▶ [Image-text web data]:
* * * * * * *
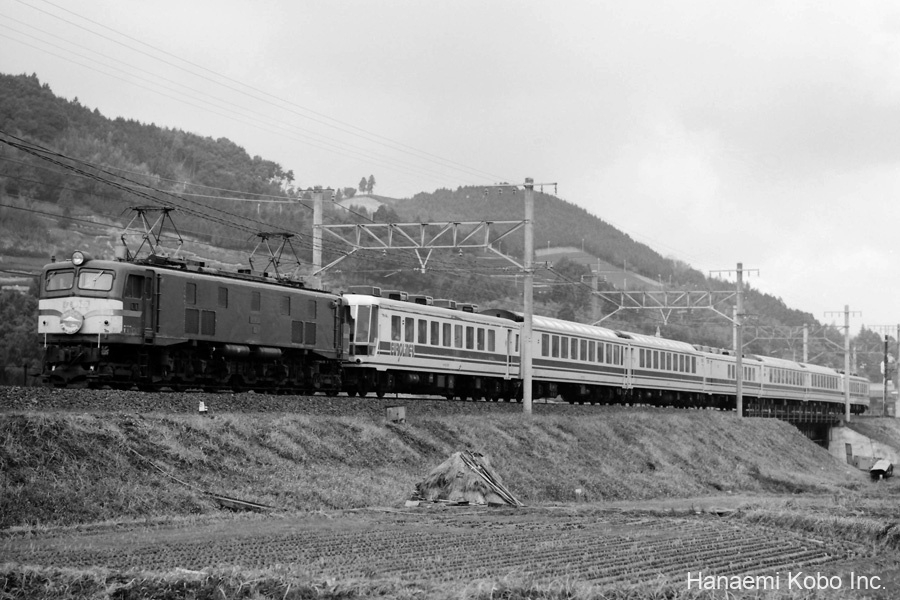 EF58 122号機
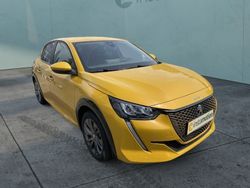 Gelb Gebraucht 2022 Peugeot e-208 Kleinwagen | 26.800 €
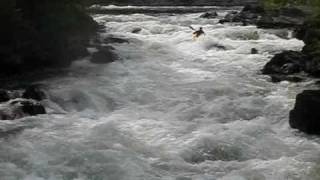 preview picture of video 'Skookumchuck Creek'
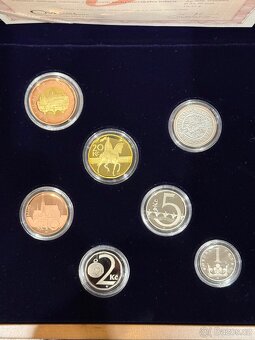Sada oběžných mincí ČR 2020 Proof v dřevěné etui - 3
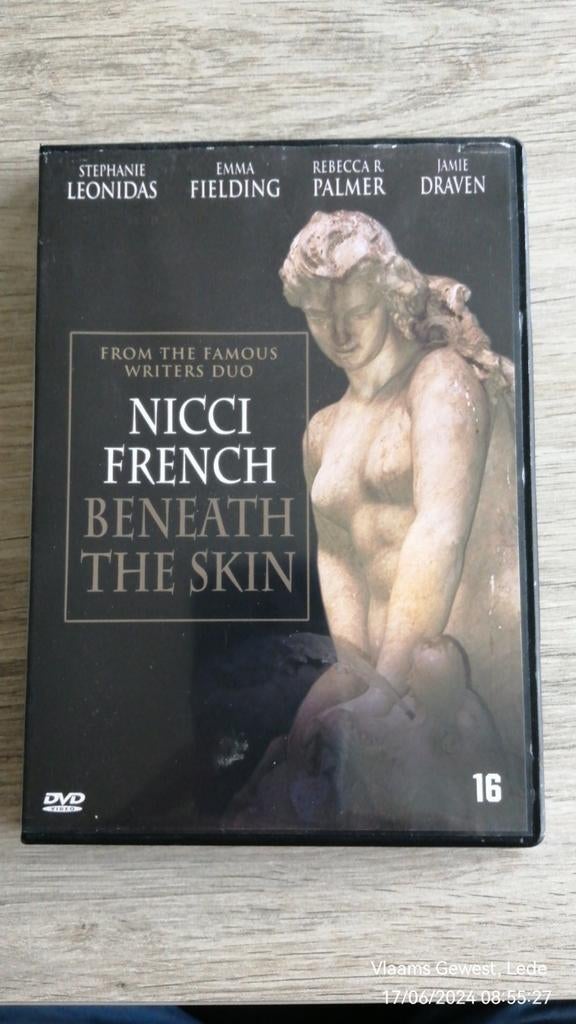 Nicci French beneath the skin, Vanaf 16 jaar, Ophalen of Verzenden, Zo goed als nieuw, Detective en Krimi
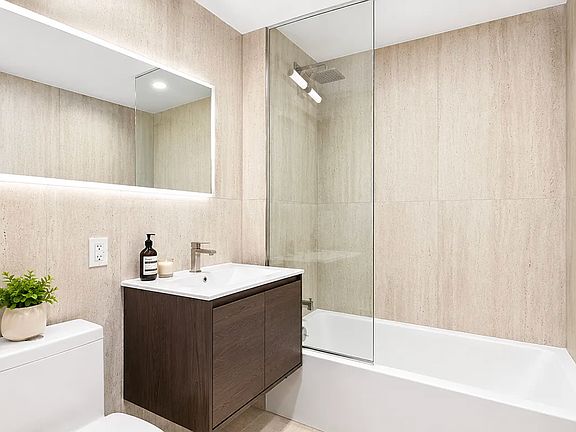 3rd image of 91 Bruckner Blvd #312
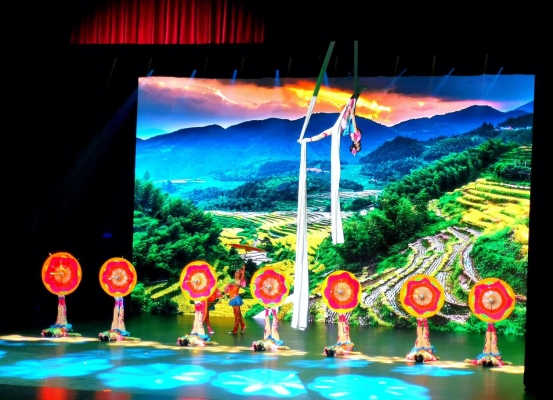 赤峰雜技專場(chǎng)電話號(hào)碼查詢是多少-第1張圖片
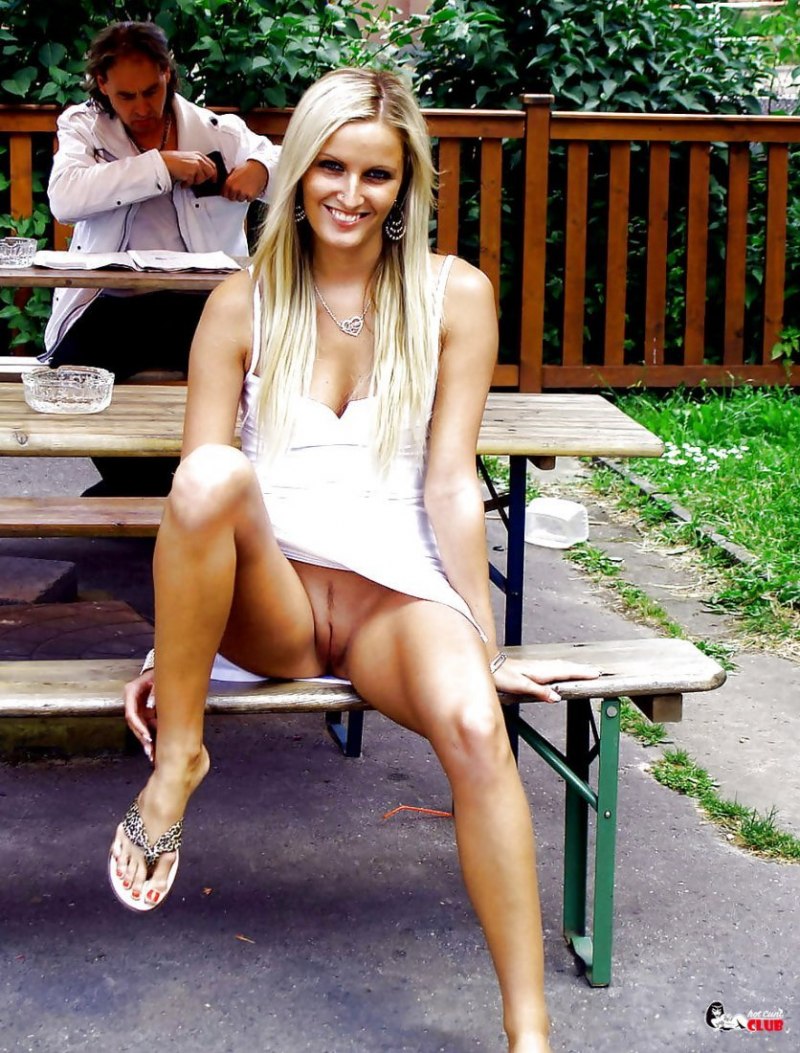 Жена без трусиков на публике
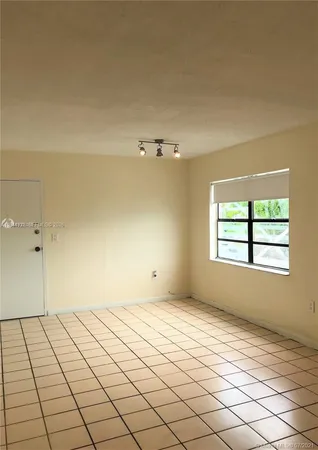 $2,100 | 1325 West 68th Street, Unit 221, Hialeah, FL 33014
* * * * * * *
▶ [The task]: In your copy, reproduce the data above exactly and skip every picture.

▶ [Task solution]:
 EF58 122号機
 Gelb Gebraucht 2022 Peugeot e-208 Kleinwagen | 26.800 €
 preview picture of video 'Skookumchuck Creek'
Sada oběžných mincí ČR 2020 Proof v dřevěné etui - 3
 Nicci French beneath the skin, Vanaf 16 jaar, Ophalen of Verzenden, Zo goed als nieuw, Detective en Krimi
 3rd image of 91 Bruckner Blvd #312
 赤峰雜技專場(chǎng)電話號(hào)碼查詢是多少-第1張圖片
 Жена без трусиков на публике
 $2,100 | 1325 West 68th Street, Unit 221, Hialeah, FL 33014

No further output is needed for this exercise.